In 2014, he proposed a new approach to the blockmodeling - blockmodeling linked networks.

== Selected bibliography ==
- ŽIBERNA, Aleš. Generalized blockmodeling of valued networks. Social Networks. [Print ed.]. Jan. 2007, vol. 29, no. 1, str. 105–126. ISSN 0378-8733.
- ŽIBERNA, Aleš. Blockmodeling of multilevel networks. Social Networks. [Print ed.]. Oct. 2014, vol. 39, str. 46–61, ilustr.

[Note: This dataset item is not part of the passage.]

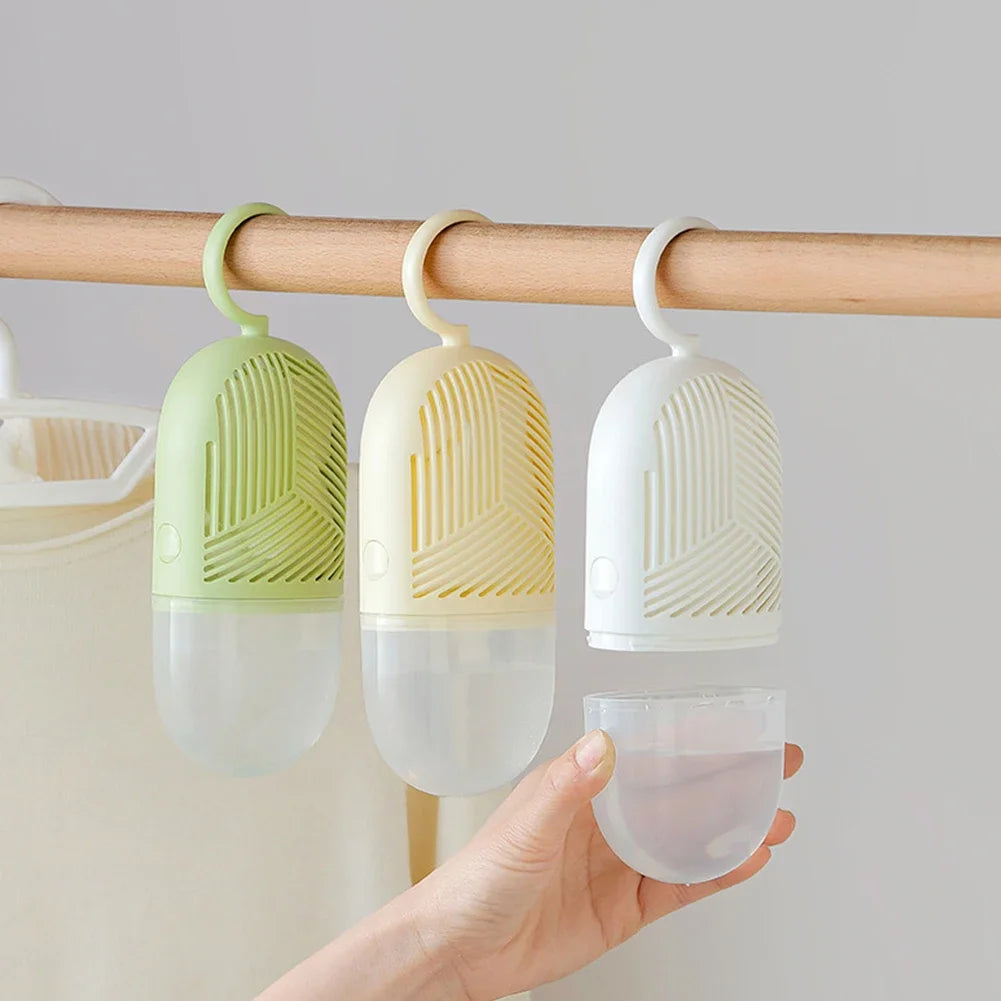 Hanging clothes dehumidifier box, anti-mould moisture absorber with hook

ISSN 0378-8733. DOI: 10.1016/j.socnet.2014.04.002. [COBISS.SI-ID 32697949]
- ŽIBERNA, Aleš. Generalized blockmodeling of sparse networks. Metodološki zvezki. [Tiskana izd.]. 2013, vol. 10, no. 2, str. 99–119, graf. prikazi. ISSN 1854-0023. http://www.stat-d.si/mz/mz10.1/Ziberna2013.pdf. [COBISS.SI-ID 32428893]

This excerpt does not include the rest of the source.